Après avoir atomiser la classe politique (plus de cinquante partis politiques aussi insignifiants les uns que les autres), pour la discréditer totalement, ce qui a réussit, le régime a fait de même dans le champ médiatique. Une multitude de journaux, qui ne sert qu’à faire de l’ombre aux journaux indépendant et à remplir les poches des copains.
Pour prétendre à créer un quotidien, dans l’Algérie de Bouteflika, il faut impérativement être parrainé soit, par le régime, représenté par la direction de la communication de la DRS dirigée par le colonel Fouzi, soit par le pouvoir, représenté par le cercle présidentiel, c’est-à-dire Said Bouteflika. Les plus malin et les plus gourmands s’arrangent pour être dans les bonnes grâces des deux. Il y a donc plusieurs catégories de directeurs de journaux ; les anciens journalistes, les anciens et toujours auxiliaires de la DRS, les nouveaux riches pour qui un journal est avant tout une bonne affaire commerciale sur le dos du contribuable et accessoirement sert à faire plaisir aux puissants.

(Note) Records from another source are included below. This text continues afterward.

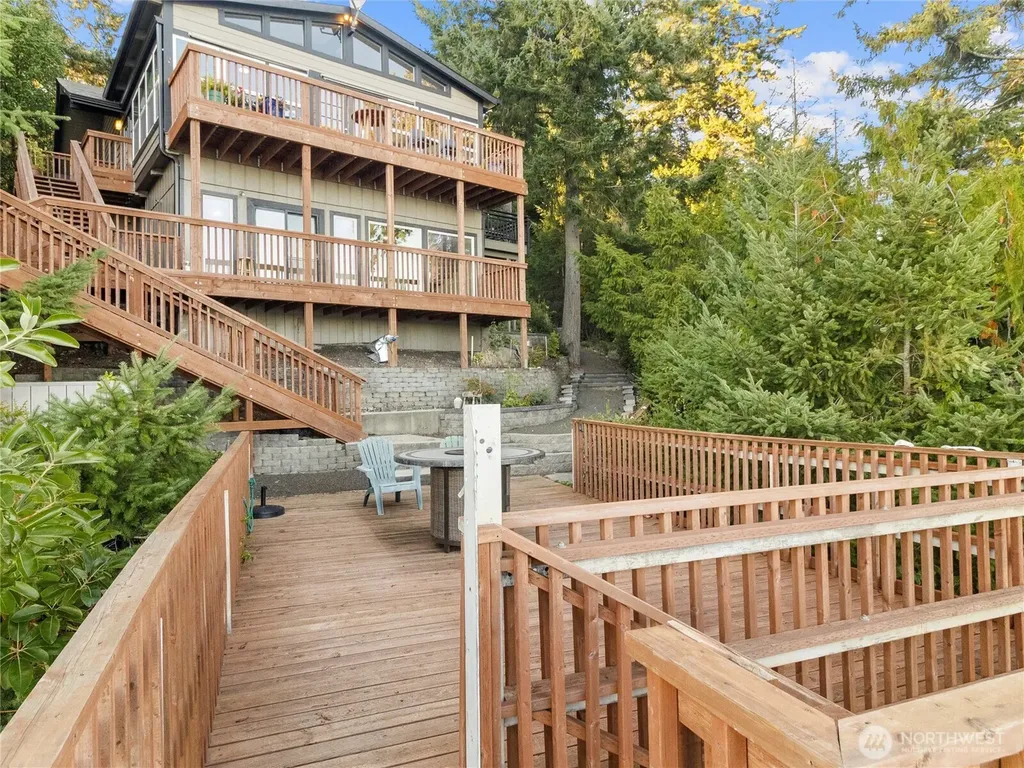 170 E Camus Drive Shelton WA 98584
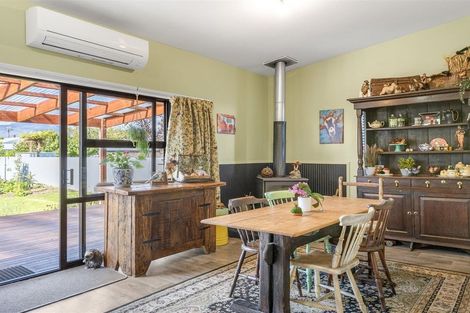 Photo of property in 95 Queen Street, Westport, 7825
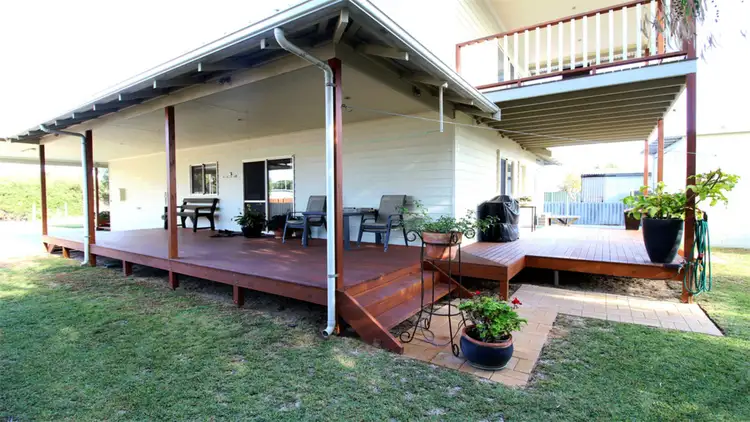 Second view of Homely house listing, 17 Drummond Circus, Cervantes WA 6511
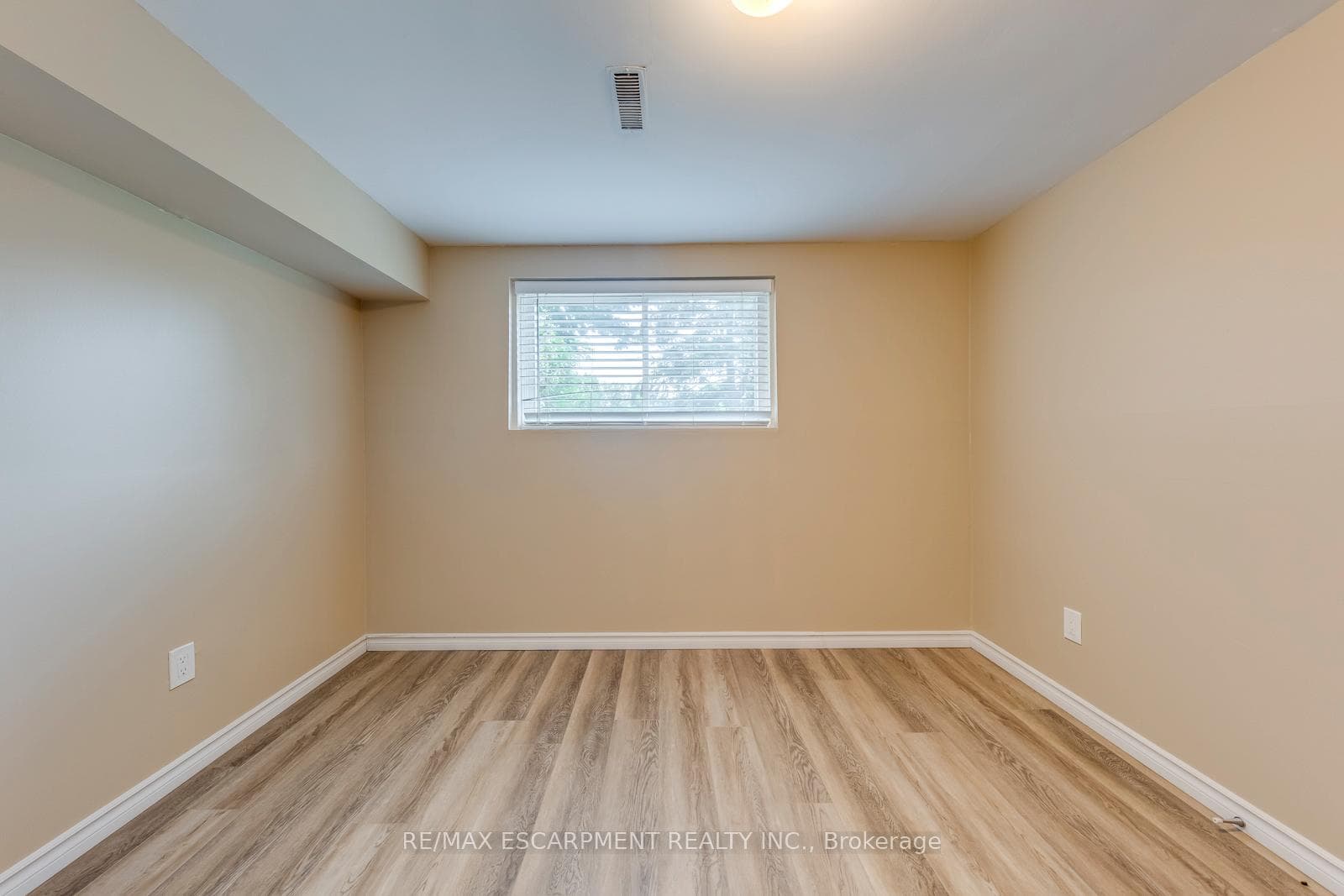 1236 Grange Road photo 32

Avant de commencer, il faut admettre que certains quotidiens n’entrent pas du tout dans ce jeu là. Sans jouir d’une totale liberté, ils sont tolérés et connaissent eux-mêmes leur propre limites. Ils naviguent à la lisière d’une ligne qu’ils ne franchissent jamais. Pour cela, disons, qu’ils ont retenu la leçon du Matin. Il y a également un autre quotidien qui a un statut spécial. S’il s’en prend ouvertement à l’exécutif y compris le chef de l’Etat, Il se garde bien d’énoncé la moindre critique envers l’institution militaire. Mieux, régulièrement ses colonnes sont ouvertes à d’anciens de la DRS pour vanter son action et la sagesse de son chef, le major Toufik. Et puis, il y a un ancien porte drapeau de la démocratie et de la laïcité qui s’est rallié au clan Bouteflika. Son richissime propriétaire n’allait tout de même pas se fâcher avec le chef de l’Etat et mettre en péril son empire commercial. La chute de la maison Khalifa a servit de leçon.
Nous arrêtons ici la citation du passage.